History & Future of Interaction Design Pt. II: The Future
Automations for my friends is a project conceived for Paul Pangaro’s fall 2023 course: History and Future of Interaction Design. I’m choosing to take on a concept of adding automations to our friends’ technology as an act of friendship. This project was initially inspired by Bill Atkinson’s “Hypercard” as well as a precursor prototype designed with my friend Bryce Li.
How did we reach automations for my friends? Atkinson “admitted” that where he missed out with Hypercard was that it was confined to hard drives. If he had pushed it toward an opposing direction, it may have become the World Wide Web.
A similar modern conception of Hypercard, by Apple, is the Shortcuts app that comes on every iPhone. Shortcuts lets you create your own “automations” with a block style pseudo-code interface.

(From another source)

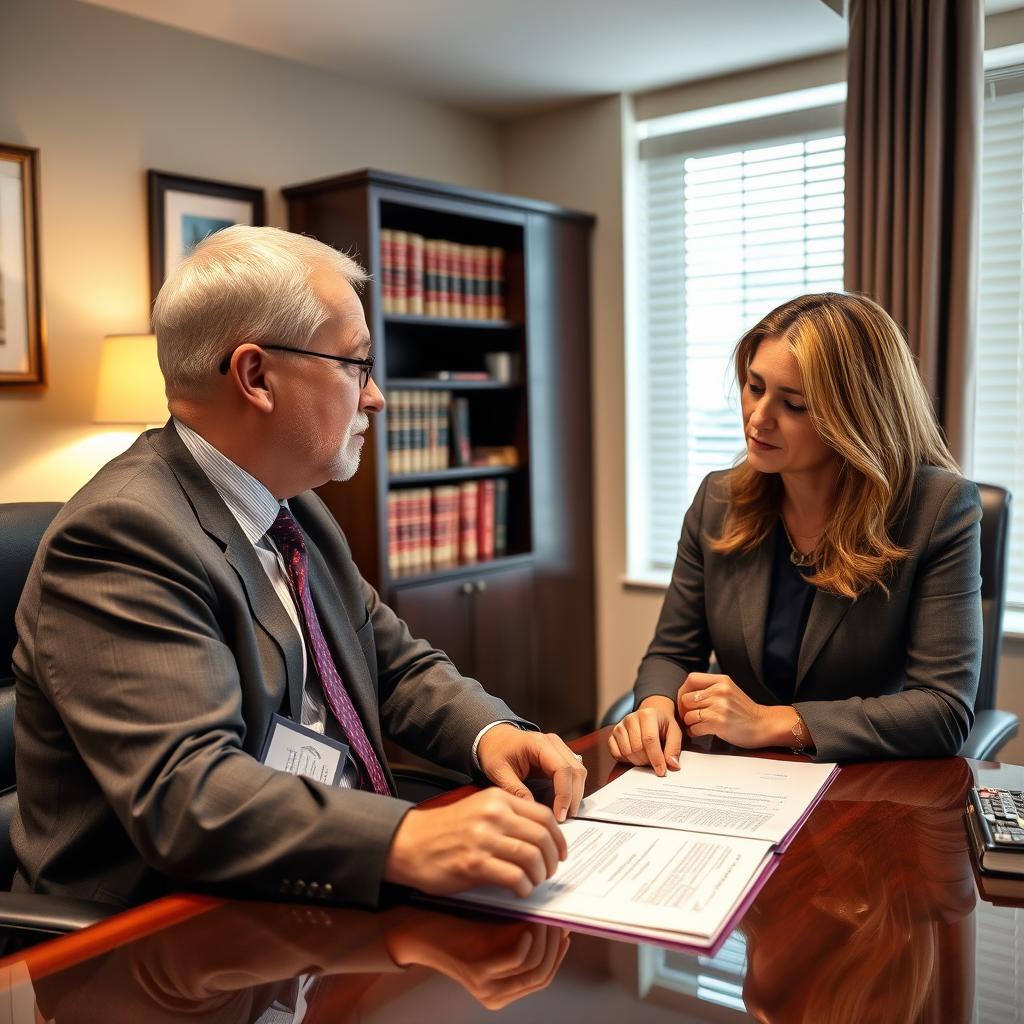 Alimony Contempt Lawyer Henrico County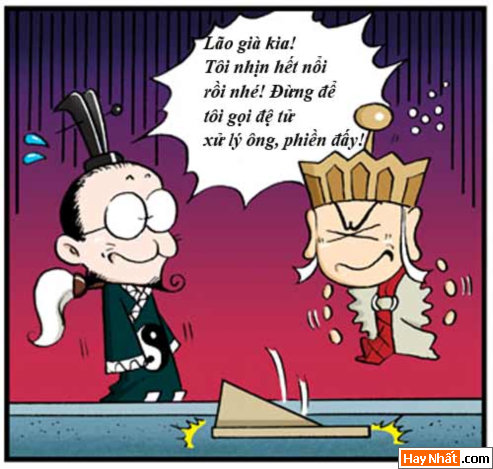 Tân Tây Du Ký (34): Sư phụ bị lừa,  Truyện Tây Du Ký, Tân Tây Du Ký, Truyen Tay Du Ky, Tan Tay Du Ky, Ton Ngo Khong, Tôn Ngộ Không, tay du ky, tan tay du ky, tay du ky hai, ngo khong, sư phụ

The same way Hypercard could have become the web, what potential does Shortcuts have if it moved off one’s own personal device?
What kinds of automations would it be meaningful to create for my friends?

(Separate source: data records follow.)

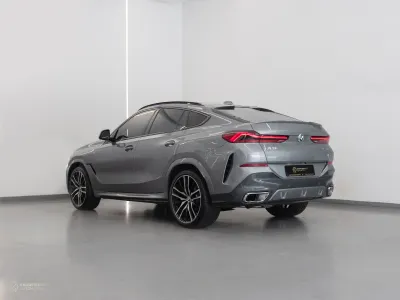 2024 بي ام دبليو الفئة اكس 6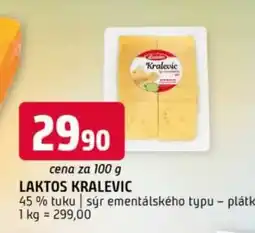 Terno Laktos kralevic nabídka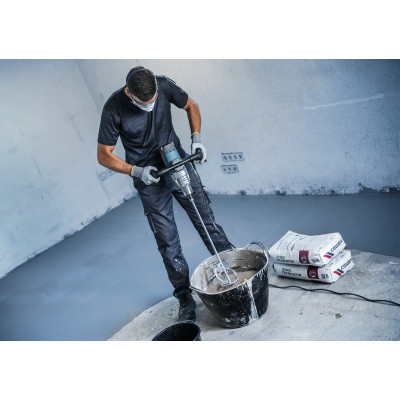 Міксер будівельний для в’язких і щільних матеріалів BOSCH PRO Multi Material 160x590хM14 2607990017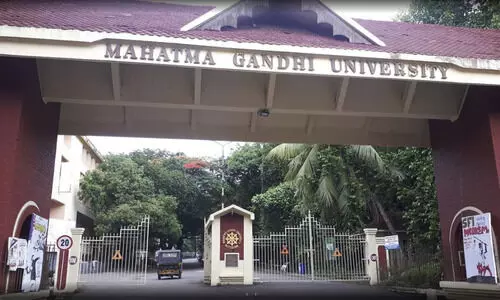 mg university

I started off by interviewing my friend, Michelle, a “Shortcuts super user”.
Main Insights:
- The most useful shortcuts are the ones that run in the background and “wait”, aka the ones that are most “automated” (vs. the ones that require manual activation)

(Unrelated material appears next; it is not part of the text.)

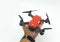 DJI Spark drone start sell in Thailand, Spark is a mini drone fr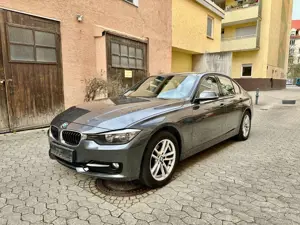 BMW 318 BMW 3er 318d Sport Line Line | Geringer Verbrauch | Neuer TÜV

- Giving someone permissions to view your live data (ie. location) is an act of “letting someone into your life” — an act of care and sign of friendship in a world unavoidable of technology + surveillance.
A decisive point in this project was expanding the scope to cover technology outside of personal devices. What new opportunities do we have when taking control over technologies in our surrounding environments?